DATA SHOWN -
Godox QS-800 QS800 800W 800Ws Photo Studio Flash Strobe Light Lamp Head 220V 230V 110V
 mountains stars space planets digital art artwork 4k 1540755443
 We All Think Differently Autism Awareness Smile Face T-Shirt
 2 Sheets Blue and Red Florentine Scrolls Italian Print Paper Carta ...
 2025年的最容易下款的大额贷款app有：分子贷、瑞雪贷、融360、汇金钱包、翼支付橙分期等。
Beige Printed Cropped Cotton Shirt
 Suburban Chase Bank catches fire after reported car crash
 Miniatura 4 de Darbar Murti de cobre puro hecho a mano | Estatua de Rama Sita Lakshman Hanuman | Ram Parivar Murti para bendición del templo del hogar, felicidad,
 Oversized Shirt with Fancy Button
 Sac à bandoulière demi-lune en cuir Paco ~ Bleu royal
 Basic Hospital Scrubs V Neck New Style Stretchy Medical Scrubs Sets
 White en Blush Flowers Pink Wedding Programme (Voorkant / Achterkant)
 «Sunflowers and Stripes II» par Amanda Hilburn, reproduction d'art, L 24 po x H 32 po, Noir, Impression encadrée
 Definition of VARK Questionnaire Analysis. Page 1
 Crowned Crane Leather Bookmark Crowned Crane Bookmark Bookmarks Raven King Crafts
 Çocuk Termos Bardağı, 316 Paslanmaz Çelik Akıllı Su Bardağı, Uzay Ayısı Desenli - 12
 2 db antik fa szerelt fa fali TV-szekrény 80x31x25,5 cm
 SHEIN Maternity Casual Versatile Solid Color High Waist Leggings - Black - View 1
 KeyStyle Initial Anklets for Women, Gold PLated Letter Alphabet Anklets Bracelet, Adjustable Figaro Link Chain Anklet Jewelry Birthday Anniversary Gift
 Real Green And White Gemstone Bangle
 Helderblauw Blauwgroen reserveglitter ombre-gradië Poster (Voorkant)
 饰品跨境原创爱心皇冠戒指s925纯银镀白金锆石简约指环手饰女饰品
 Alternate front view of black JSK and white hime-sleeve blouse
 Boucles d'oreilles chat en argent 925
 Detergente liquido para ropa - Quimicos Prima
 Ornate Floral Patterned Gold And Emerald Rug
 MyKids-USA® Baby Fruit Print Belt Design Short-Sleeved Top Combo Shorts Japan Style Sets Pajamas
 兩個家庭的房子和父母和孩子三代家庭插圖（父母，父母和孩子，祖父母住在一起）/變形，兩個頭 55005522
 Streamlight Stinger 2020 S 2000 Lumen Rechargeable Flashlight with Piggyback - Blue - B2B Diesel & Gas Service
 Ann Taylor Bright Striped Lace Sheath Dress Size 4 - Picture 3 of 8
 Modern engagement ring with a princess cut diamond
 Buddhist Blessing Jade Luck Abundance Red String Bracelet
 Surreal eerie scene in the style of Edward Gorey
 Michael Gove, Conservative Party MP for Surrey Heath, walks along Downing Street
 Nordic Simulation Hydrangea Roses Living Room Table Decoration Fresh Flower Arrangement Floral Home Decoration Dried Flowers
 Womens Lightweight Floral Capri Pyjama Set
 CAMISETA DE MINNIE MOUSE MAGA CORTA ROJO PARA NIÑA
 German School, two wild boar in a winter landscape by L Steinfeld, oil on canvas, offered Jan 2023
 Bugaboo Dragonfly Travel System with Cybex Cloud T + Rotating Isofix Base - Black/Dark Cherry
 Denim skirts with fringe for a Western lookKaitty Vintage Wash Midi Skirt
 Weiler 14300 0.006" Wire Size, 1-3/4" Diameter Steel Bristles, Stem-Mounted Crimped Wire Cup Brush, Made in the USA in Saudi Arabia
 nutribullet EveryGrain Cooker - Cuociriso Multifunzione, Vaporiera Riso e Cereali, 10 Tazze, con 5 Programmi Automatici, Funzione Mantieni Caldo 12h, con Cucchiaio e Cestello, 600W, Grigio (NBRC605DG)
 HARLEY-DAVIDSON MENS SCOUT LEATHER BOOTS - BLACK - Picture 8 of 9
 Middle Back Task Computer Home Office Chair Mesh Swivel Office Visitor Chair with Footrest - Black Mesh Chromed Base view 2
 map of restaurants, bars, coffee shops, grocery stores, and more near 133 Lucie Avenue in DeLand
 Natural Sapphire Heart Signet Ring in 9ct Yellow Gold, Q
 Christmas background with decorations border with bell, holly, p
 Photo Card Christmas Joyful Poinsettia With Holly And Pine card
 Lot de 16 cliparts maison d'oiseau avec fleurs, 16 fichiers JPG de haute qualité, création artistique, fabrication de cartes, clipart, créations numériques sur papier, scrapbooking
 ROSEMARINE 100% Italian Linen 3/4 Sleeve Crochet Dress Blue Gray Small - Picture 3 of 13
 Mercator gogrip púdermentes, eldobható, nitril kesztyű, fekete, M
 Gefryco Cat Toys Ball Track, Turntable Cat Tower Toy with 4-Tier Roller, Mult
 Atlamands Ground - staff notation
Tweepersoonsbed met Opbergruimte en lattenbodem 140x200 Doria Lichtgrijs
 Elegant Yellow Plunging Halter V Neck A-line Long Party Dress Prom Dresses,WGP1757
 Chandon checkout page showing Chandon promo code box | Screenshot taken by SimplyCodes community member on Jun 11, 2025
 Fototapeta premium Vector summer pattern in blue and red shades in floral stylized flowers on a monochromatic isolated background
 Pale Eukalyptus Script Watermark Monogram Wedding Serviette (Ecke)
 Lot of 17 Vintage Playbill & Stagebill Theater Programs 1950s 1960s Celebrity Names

YOUR INSTRUCTIONS - Write out the lines from the one containing "Pale Eukalyptus Script" through the last line of the records above. Include both of those lines and nothing else.

REPLY TO THE TASK -
 Pale Eukalyptus Script Watermark Monogram Wedding Serviette (Ecke)
 Lot of 17 Vintage Playbill & Stagebill Theater Programs 1950s 1960s Celebrity Names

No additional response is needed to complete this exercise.